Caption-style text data
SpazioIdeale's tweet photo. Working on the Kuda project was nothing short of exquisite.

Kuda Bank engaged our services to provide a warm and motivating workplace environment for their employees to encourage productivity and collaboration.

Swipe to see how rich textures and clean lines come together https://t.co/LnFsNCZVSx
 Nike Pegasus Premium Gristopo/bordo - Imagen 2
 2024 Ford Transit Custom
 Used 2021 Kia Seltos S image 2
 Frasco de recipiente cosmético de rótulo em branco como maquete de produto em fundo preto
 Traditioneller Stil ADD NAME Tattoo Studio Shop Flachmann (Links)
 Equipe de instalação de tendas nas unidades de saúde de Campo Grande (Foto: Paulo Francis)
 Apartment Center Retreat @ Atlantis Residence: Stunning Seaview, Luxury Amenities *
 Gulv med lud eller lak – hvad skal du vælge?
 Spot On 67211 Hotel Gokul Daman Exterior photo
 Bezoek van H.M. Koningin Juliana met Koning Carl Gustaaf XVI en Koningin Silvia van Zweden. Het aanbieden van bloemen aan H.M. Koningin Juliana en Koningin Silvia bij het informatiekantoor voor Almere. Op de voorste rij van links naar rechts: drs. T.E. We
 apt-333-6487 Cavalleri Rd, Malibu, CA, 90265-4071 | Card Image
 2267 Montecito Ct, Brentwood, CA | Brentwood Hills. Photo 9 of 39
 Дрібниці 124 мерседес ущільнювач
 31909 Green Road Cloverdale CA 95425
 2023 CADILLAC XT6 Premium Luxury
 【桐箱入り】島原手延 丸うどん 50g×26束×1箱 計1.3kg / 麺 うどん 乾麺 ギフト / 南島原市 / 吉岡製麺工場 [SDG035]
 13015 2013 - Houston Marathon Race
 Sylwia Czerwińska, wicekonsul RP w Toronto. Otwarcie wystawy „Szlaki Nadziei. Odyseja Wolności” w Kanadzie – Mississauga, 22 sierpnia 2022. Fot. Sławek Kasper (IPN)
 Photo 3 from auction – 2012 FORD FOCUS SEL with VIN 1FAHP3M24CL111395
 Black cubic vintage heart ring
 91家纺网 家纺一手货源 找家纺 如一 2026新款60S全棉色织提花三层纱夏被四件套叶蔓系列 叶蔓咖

[What is expected]:
Copy the records above exactly, starting at the line that contains "Sylwia Czerwińska, wicekonsul" and ending at the last line, and leave out all earlier lines.

[Answer for this exercise]:
 Sylwia Czerwińska, wicekonsul RP w Toronto. Otwarcie wystawy „Szlaki Nadziei. Odyseja Wolności” w Kanadzie – Mississauga, 22 sierpnia 2022. Fot. Sławek Kasper (IPN)
 Photo 3 from auction – 2012 FORD FOCUS SEL with VIN 1FAHP3M24CL111395
 Black cubic vintage heart ring
 91家纺网 家纺一手货源 找家纺 如一 2026新款60S全棉色织提花三层纱夏被四件套叶蔓系列 叶蔓咖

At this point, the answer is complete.